# whats your go to lure



## RUGER (Sep 11, 2006)

for trolling i would say mine is a grandma in clown and bagley m/s in rainbow trout


----------



## magnus (Mar 10, 2008)

I have been musky fishing for about a year. I've caught 7, 4 all on the same grandma lure at leesville. Smaller, 5 inch i think, silver bottom and sides and black top. My other 3 at WB, one on a big rapala perch, another on the big all silver jointed rapala shad, and one on this jointed pikey creek chub, 4 get who makes it i'd check but its pouring out and my shed is 100 yards back. So those 4 are my favorite one with the Grandma on top for most fish but the creek chub owns my biggest (46 inch's)


----------



## magnus (Mar 10, 2008)

I haven't got into casting for them yet, the sound of the reel singing is the best, especially if u actually holding the pole and its not in the holder when trolling.


----------



## fishing_marshall (Jun 12, 2004)

A bulldog is my go to. I caught a 45 on one my first time casting for muskie. I tend to throw it now at least once every trip.


----------



## MuskieJim (Apr 11, 2007)

Double Cowgirl, hands down.


----------



## Muskyman (Jan 30, 2005)

Jim, I like the DCG's too, but my go to bait is a Spinnerbait.


----------



## MuskieJim (Apr 11, 2007)

What kind of spinnerbait though, that is the question!?! For anyone who is interested, I recently tried one of the new Bait Rigs Esox Cobra Spinnerbait that has two #10 colorado blades. Great looking bait. There's also another one called a Bou Bling that has double #10's. For casters who have not tried a double bladed bucktail or spinnerbait, you don't know what you're missing! (A fish or two I suspect!)


----------



## Muskyman (Jan 30, 2005)

Grim Reapers, usually a Willow/Colorado combination Chartreuse. I want to try those Bou Blings.
Not to hijack, but what colors have worked for you on Cowgirls? I have thrown and trolled them but haven't hooked up yet.


----------



## ShutUpNFish (Apr 17, 2007)

Trolling: Wiley's Walleye or Mich. Perch - Muskie King & King Jr.

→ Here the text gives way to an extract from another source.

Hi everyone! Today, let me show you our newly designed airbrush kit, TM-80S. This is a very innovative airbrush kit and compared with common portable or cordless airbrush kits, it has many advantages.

Casting: Leo Jerk in Mich. Perch

Bucktails: Yellow with double bladed nickle, Black with double bladed brass


----------



## MuskieJim (Apr 11, 2007)

Shutup, I just got a few of the Muskie Killers, 5 inch I believe? Can't wait to start dragging them....

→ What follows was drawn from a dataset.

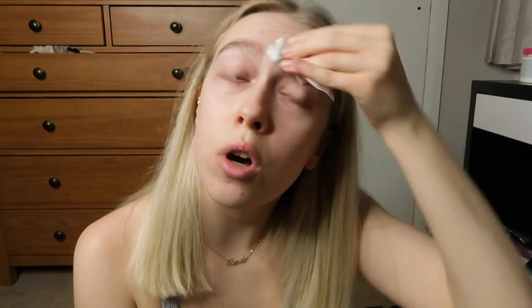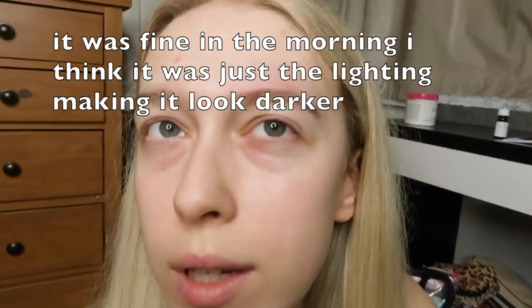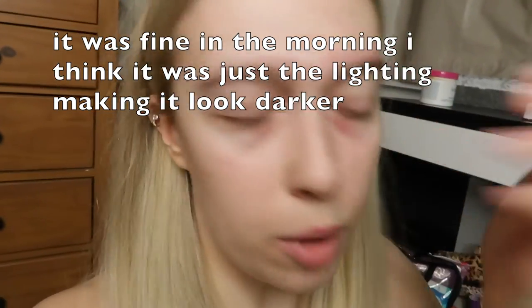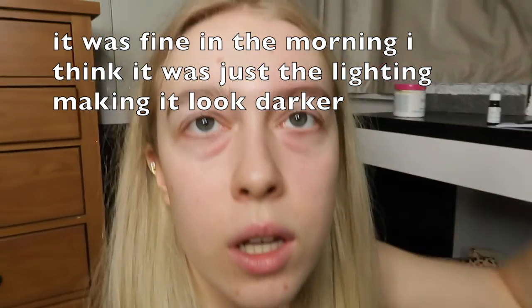It doesn't matter how much you scrub because you have tinted the hairs, so you're not going to take any of that colour off — you just need to make sure you've got all the tint off the skin so it's not going to keep developing. I always seem to have one eyebrow tint a lot darker than the other, and I'm not sure how to fix that, unless I leave it on longer — I'm just not sure.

I have several cowgirls, one all black, one orange blades with a black flash skirt, and one brass blades with a silver skirt.


----------



## ShutUpNFish (Apr 17, 2007)

Yeah Jim, the Killers are certainly just that on St. Clair thats for sure. Anywhere else, I like to run the bigger ones and the King Jr. is just a tad larger anyway. The killers are considered the 5 1/2" and the King Jr. the 6". They both catch fish! Good luck with them.


----------



## esoxhunter (Apr 7, 2004)

trolling: Sisson 41, Lightnin Shad, Monster Shad, Lil Ernie, and Wiley Muskie Killer

casting: Buchertail 700 and ERC Hellhound


----------



## jshbuckeye (Feb 27, 2005)

I usually have to go to all of em but at some point in time I know the Lil Ernie is being put on 1 or 2 rods.


----------



## MadMac (May 2, 2005)

At some point every trip I am running a Tuff Shad.


----------



## tripangle (Aug 5, 2008)

Do you have any idea how to reach a Web site for the Tuff Shad manufacturer? The closest I can come is a site called Tripod which has no means of linking over to a Tuff Shad site.
Thanks.


----------